[GNC] "Travel" vs. "Public Transportation"
Adam H. Kerman
ahk at chinet.com
Mon Jun 22 11:41:05 EDT 2026
4:32am -0000 06/22/26 rsbrux via gnucash-user <gnucash-user at gnucash.org> wrote:
>I just noticed that I have two overlapping expense accounts, "Public
>Transportation" and "Travel". I think that both accounts were in the
>default GnuCash account tree, but "Public Transportation" is not a sub-
>account of "Travel", which is what I would have expected.
>We live in Europe and often travel by train and/or bus for both short
>distances and on vacation, so I'm not sure where to draw the line between
>these two.
>What arguments can be made for and against maintaining two such separate
>categories?
With regard to accounts you use for personal expenses, organize them any way
you see fit. One major distinction is that travel expenses include meals and
lodging. A public traansportation expense is strictly passenger fares.
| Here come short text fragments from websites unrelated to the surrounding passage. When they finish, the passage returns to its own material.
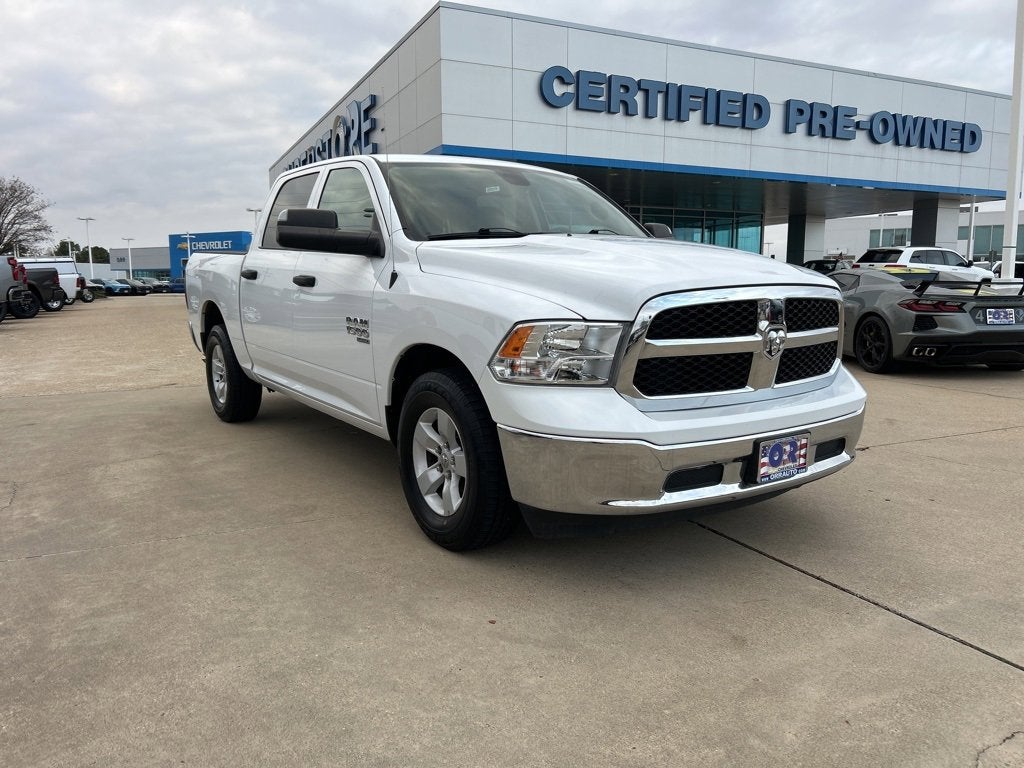 2023 RAM 1500 Classic SLT Crew Cab 4x2 5'7" Box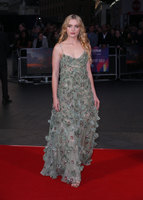 Kathryn Newton longsleeve t-shirt #3092503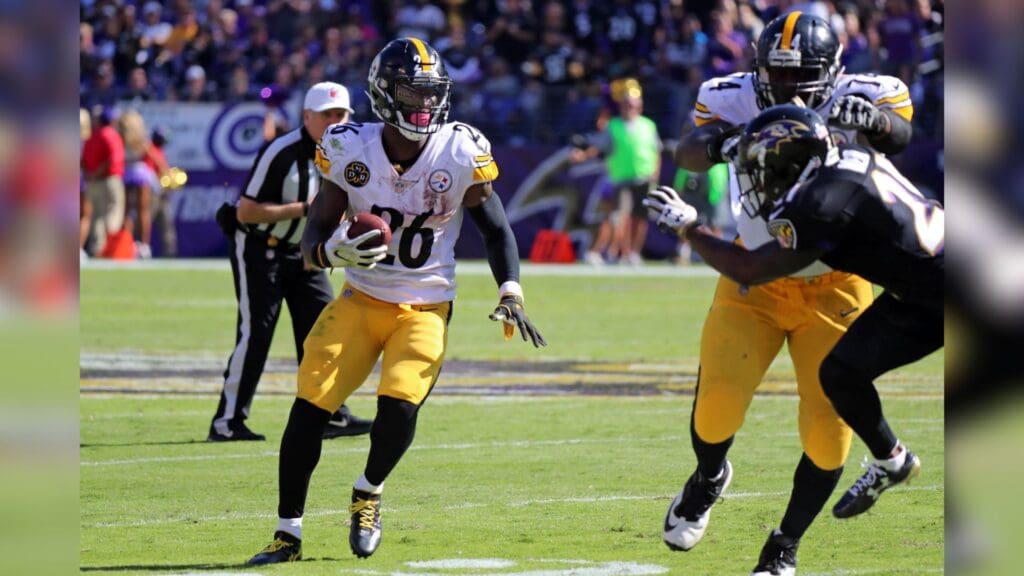 Oct 1, 2017; Baltimore, MD, USA; Pittsburgh Steelers running back LeVeon Bell (26) runs for a gain against the Baltimore Ravens at M&T Bank Stadium.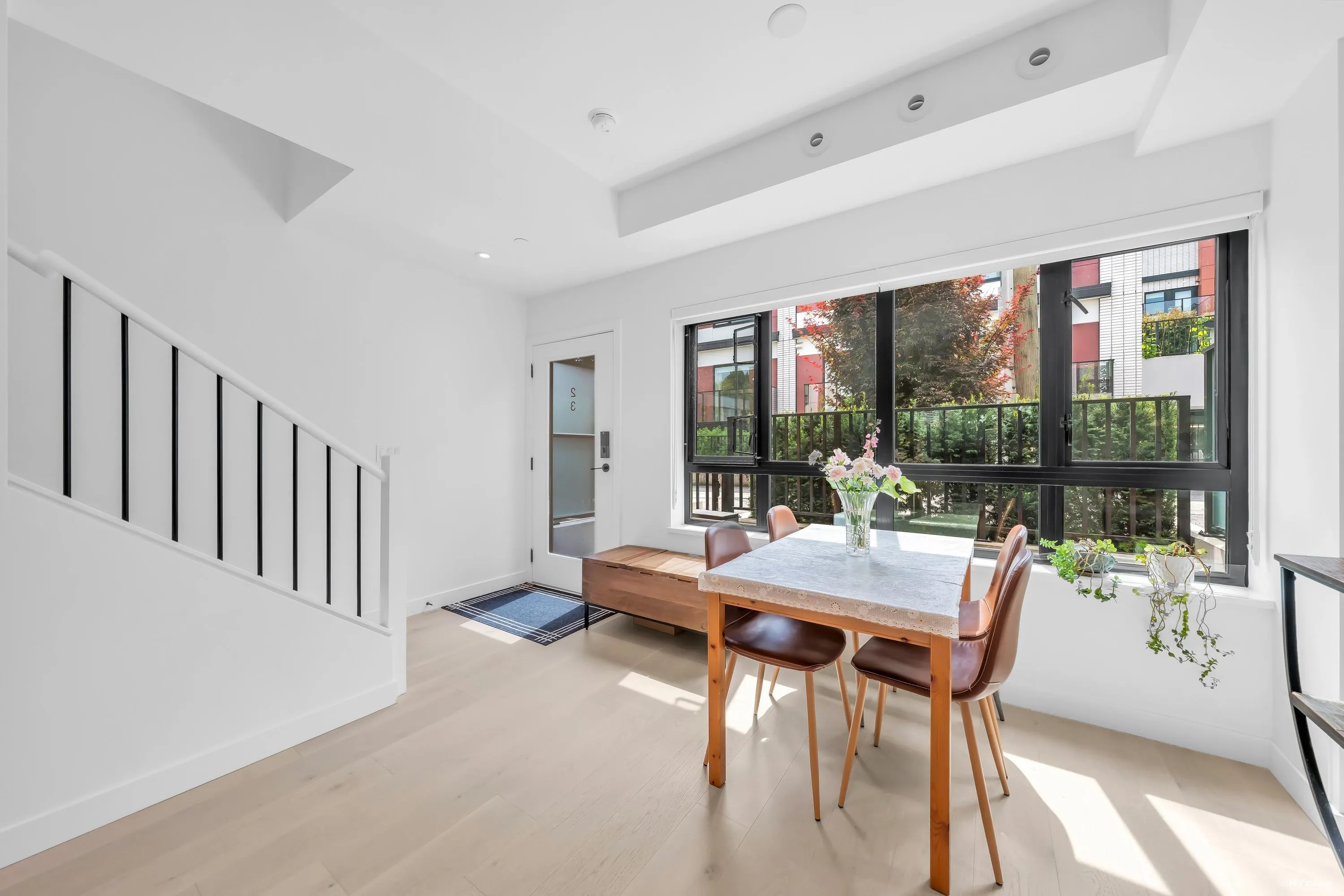 526 W 28th Avenue #23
In the United States tax code, there are numerous distinctions made in how
business travel expenses are handled. If a worker has a regular place of
business, travel to and from that location, while a legitimate personal
business expense, is not deductible for tax purposes. However, travel to
multiple places of business during the work day can be deductible with
limitations. When business travel is local, there is no deduction for meals
and lodging.
If the employer reimburses expenses with an accountable plan, then it can be
the employer's deductible business expense even in circumstances in which
it's not a deductible personal business expense.
Then we have the weirdness of limited circumstances in which public
transportation expense is deductible and how it relates to earned income.
This requires "qualified" fares in which some sort of voucher system is set
up by the local provider, or the employer distributes fare media. In this
case, the employee just tracking his own expenses doesn't qualify.